EX-5.1 5 exh5-1.htm OPINION 09192003 8K Exhibit 5.1

Exhibit 5.1

MORRISON & FOERSTER LLP LETTERHEAD


September 18, 2003

Board of Directors
Essex Property Trust, Inc.
925 East Meadow Drive
Palo Alto, CA 94303

Gentlemen:

We have acted as counsel to Essex Property Trust, Inc., a Maryland corporation (the "Company") in connection with its registration statement on Form S-3 (SEC File No. 333-108336) filed with the Securities and Exchange Commission (the "Commission") on August 28, 2003 (the "Registration Statement") relating to the public offering of securities of the Company that may be offered and sold by the Company from time to time as set forth in a prospectus, dated September 8, 2003 (the "Prospectus"), which is a part of the Registration Statement, and as may be set forth from time to time is one or more supplements to the Prospectus. This opinion letter is rendered in connection with the proposed public offering of 1,000,000 shares of the Company's 7.8125% Series F Cumulative Redeemable Preferred Stock (the "Series F Preferred Stock"), par value $0.0001 per share (the "Shares"), as described in the Prospectus and a prospectus supplement dated September 18, 2003 (the "Prospectus Supplement").

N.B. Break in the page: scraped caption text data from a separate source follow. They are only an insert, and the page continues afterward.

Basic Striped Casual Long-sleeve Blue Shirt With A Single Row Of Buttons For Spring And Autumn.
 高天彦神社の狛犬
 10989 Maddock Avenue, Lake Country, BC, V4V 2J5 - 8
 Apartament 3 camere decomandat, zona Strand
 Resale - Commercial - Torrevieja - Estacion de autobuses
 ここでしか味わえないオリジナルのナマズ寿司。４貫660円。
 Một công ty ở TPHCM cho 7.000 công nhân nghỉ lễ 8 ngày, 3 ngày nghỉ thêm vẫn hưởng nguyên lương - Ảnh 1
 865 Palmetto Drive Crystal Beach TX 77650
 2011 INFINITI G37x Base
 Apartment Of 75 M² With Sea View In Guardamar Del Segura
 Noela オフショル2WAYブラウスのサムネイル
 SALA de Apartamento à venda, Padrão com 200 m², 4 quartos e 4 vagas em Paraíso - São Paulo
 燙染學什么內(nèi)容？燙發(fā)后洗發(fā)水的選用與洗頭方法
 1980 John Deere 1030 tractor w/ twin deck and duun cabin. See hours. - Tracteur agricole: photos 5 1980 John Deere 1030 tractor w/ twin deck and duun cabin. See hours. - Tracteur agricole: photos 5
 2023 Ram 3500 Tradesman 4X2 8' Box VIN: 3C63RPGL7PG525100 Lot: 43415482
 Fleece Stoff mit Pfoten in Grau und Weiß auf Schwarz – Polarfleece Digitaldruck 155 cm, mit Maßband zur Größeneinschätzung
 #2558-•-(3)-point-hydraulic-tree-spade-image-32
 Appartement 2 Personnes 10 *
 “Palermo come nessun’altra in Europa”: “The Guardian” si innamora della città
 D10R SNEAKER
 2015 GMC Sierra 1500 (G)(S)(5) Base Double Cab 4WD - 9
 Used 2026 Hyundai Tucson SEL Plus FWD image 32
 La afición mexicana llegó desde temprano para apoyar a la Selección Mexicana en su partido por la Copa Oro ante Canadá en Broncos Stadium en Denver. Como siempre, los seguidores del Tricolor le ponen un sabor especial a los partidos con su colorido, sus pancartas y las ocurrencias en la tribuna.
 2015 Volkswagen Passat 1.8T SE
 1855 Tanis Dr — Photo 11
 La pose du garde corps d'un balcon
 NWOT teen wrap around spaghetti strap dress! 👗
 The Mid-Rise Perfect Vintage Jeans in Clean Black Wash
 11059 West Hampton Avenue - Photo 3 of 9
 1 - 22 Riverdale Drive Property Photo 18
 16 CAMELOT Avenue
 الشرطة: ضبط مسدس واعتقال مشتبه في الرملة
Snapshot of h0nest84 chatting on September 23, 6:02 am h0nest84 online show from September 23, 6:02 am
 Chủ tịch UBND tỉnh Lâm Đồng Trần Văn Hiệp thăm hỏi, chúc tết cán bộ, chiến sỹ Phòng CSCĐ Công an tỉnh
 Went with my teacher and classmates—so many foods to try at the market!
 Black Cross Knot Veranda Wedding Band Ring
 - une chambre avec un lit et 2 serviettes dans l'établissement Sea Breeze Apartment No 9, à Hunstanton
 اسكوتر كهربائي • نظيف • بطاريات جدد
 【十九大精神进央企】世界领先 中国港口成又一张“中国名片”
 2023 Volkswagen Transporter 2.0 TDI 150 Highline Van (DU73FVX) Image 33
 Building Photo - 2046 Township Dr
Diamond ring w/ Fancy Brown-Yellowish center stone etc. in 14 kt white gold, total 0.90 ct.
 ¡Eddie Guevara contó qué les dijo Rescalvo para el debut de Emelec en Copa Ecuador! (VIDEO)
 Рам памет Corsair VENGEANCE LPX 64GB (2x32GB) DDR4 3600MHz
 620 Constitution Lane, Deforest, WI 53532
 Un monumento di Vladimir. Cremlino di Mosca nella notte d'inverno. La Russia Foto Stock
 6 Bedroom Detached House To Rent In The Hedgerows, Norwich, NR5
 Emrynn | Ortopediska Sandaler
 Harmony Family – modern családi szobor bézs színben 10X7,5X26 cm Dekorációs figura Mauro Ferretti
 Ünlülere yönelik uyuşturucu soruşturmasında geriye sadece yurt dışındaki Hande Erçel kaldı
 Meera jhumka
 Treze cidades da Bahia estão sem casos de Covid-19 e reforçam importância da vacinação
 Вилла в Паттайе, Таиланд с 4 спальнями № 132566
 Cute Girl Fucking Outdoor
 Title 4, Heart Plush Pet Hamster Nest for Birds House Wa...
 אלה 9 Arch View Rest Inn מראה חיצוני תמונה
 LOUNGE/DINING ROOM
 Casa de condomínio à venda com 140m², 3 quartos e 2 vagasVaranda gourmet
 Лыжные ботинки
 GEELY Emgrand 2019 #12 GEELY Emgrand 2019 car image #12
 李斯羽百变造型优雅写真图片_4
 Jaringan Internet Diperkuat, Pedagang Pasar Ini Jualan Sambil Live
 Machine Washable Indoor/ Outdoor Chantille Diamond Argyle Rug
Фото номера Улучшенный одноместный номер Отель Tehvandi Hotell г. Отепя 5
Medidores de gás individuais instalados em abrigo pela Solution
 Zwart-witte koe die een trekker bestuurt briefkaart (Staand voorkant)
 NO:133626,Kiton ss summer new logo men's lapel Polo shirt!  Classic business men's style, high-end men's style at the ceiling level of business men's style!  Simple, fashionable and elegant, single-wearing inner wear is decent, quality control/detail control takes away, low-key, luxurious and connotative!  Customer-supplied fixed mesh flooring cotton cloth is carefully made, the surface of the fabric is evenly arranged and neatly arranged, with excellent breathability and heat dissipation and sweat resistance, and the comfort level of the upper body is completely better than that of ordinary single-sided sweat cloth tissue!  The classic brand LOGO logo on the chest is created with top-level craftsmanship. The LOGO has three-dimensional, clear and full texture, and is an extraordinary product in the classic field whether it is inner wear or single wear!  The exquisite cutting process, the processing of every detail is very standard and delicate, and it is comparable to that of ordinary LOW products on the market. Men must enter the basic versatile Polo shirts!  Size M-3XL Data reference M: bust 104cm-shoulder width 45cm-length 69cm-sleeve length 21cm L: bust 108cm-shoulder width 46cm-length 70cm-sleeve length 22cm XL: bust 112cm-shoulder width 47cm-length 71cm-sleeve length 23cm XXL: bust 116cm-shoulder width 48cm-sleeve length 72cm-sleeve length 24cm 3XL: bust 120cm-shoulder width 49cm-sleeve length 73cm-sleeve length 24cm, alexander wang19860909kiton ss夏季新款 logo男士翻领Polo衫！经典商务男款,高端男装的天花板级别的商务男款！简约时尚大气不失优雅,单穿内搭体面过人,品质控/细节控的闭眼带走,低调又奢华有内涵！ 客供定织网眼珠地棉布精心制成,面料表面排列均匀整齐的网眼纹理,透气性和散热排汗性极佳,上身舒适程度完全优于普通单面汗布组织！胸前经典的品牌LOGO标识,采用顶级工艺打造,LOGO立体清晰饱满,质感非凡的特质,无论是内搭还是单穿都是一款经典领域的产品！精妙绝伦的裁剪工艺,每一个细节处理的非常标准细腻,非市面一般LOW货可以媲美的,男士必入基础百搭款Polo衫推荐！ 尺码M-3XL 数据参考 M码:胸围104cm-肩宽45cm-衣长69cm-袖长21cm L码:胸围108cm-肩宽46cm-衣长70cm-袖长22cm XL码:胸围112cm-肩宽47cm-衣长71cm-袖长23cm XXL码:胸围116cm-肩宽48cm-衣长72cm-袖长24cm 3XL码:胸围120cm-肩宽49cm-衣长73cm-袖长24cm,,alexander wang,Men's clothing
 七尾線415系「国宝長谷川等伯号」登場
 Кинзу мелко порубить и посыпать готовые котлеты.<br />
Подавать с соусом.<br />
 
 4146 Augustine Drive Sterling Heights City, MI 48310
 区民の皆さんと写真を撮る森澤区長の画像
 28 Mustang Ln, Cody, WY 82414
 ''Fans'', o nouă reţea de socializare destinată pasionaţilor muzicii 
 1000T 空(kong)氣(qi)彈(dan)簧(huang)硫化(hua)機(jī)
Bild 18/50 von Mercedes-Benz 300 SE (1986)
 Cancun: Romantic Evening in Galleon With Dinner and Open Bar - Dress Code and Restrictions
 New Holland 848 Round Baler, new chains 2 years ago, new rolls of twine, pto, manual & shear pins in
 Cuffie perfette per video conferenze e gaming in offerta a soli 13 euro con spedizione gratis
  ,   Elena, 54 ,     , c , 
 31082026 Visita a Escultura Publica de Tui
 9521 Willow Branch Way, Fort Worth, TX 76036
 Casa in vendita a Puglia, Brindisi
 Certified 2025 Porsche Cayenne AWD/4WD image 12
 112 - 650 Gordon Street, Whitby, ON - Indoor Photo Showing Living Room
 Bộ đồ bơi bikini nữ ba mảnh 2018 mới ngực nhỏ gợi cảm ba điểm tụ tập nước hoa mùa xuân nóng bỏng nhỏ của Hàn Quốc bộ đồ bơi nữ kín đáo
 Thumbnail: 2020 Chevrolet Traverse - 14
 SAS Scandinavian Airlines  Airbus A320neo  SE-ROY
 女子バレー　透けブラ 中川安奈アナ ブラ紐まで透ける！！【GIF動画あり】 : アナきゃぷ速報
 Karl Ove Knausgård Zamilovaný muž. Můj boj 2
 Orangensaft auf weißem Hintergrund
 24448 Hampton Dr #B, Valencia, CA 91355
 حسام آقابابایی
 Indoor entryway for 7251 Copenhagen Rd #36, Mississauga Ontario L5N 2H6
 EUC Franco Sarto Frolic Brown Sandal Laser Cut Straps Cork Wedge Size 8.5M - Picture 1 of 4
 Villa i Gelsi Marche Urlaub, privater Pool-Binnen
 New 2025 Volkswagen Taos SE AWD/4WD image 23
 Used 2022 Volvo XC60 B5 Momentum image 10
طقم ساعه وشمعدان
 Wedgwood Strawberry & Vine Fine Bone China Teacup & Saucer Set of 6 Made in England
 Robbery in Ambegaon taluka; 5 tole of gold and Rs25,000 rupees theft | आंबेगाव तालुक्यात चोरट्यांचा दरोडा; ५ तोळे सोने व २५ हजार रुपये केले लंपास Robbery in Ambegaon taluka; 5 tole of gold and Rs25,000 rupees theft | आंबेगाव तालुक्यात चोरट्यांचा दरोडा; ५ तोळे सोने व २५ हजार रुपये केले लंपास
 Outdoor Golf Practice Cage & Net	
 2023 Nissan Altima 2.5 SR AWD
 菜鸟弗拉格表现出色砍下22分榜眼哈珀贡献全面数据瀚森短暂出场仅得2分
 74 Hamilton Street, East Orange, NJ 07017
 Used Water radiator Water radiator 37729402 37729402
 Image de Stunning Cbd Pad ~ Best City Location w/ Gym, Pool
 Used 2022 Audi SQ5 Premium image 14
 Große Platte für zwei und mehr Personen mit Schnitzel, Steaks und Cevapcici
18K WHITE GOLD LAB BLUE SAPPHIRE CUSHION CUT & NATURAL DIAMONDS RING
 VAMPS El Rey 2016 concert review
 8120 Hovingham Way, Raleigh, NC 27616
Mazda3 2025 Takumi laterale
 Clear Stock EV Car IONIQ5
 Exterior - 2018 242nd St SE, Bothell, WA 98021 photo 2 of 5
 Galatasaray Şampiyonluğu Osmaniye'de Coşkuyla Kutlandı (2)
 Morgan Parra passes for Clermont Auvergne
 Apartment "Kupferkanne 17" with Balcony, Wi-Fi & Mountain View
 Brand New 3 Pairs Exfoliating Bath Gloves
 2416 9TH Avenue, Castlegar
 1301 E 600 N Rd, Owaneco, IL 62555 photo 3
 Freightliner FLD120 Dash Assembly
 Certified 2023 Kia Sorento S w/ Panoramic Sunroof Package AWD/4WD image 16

For purposes of this opinion letter, we have examined copies of the following documents (the "Documents"):

    1. The Registration Statement.
    2. The Prospectus and the Prospectus Supplement.
    3. The Series F Cumulative Redeemable Preferred Stock Purchase Agreement, dated September 18, 2003, among Essex Property Trust, Inc., and the Purchaser signatory thereto (the "Purchase Agreement").
    4. The Articles of Amendment and Restatement of the Company, as amended (the "Charter").
    5. The Bylaws of the Company, as amended.
    6. The Articles Supplementary pertaining to the Series F Preferred Stock.
    7. Certain resolutions of the Board of Directors of the Company, adopted at a meeting held on August 27, 2003, relating to, among other things, the establishment of the Series F Preferred Stock, and the issuance and sale of the Shares and arrangements in connection therewith.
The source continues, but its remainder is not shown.